• [Instructions to follow] Retype the lines of the listing below exactly, but only those from the one containing "The Flavour - The" through the last line; pictures stay out.

• [Data excerpt]
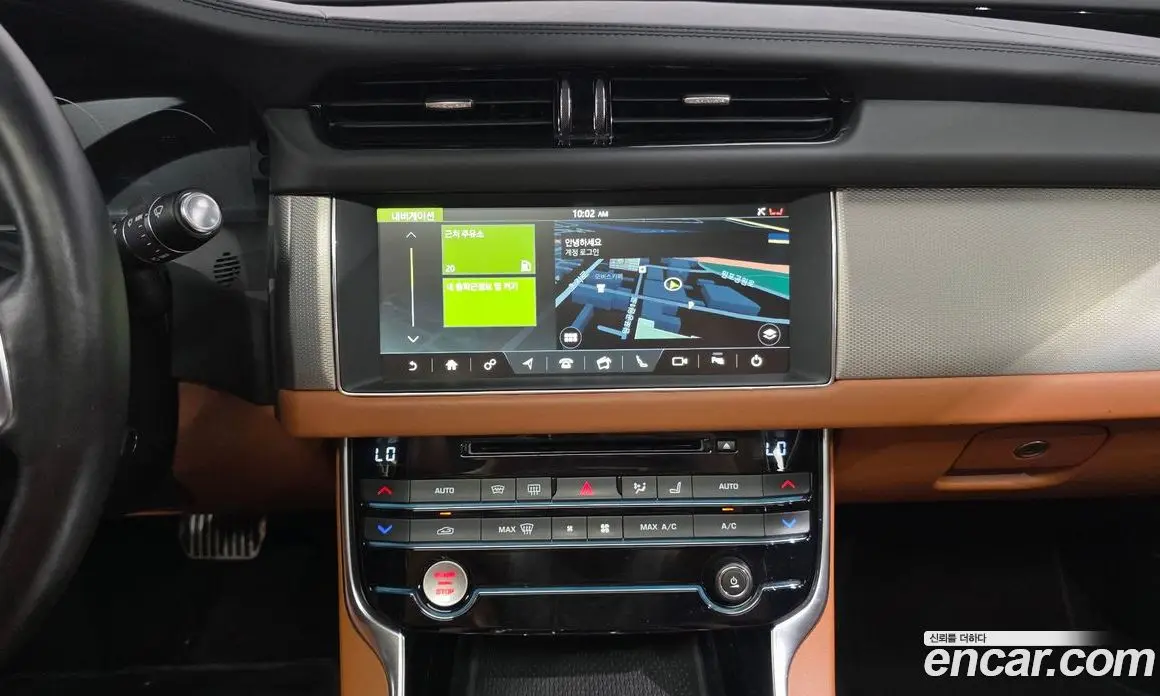 Jaguar XF 2019 2.0 автомат (гидро), фото 31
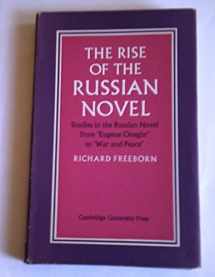 9780521085885-0521085888-The Rise of the Russian Novel: Studies in the Russian Novel from Eugene Onegin to War and Peace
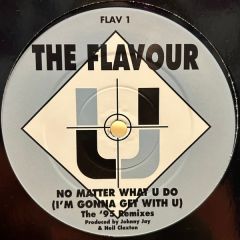 The Flavour - The Flavour - No Matter What U Do - Jive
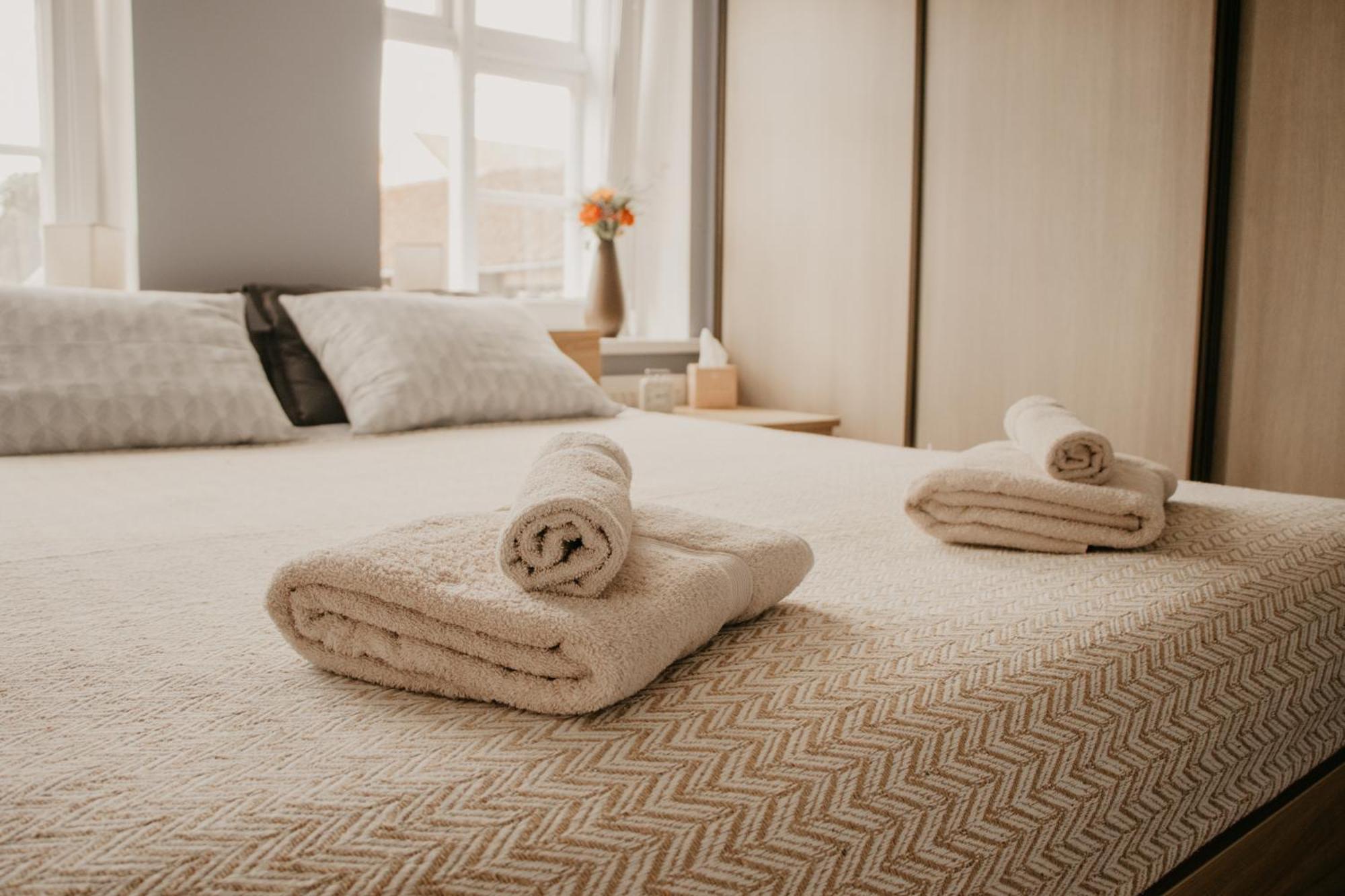 Vitola Apartamenti คูลดีกา ภายนอก รูปภาพ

• [Exercise answer]
 The Flavour - The Flavour - No Matter What U Do - Jive
 Vitola Apartamenti คูลดีกา ภายนอก รูปภาพ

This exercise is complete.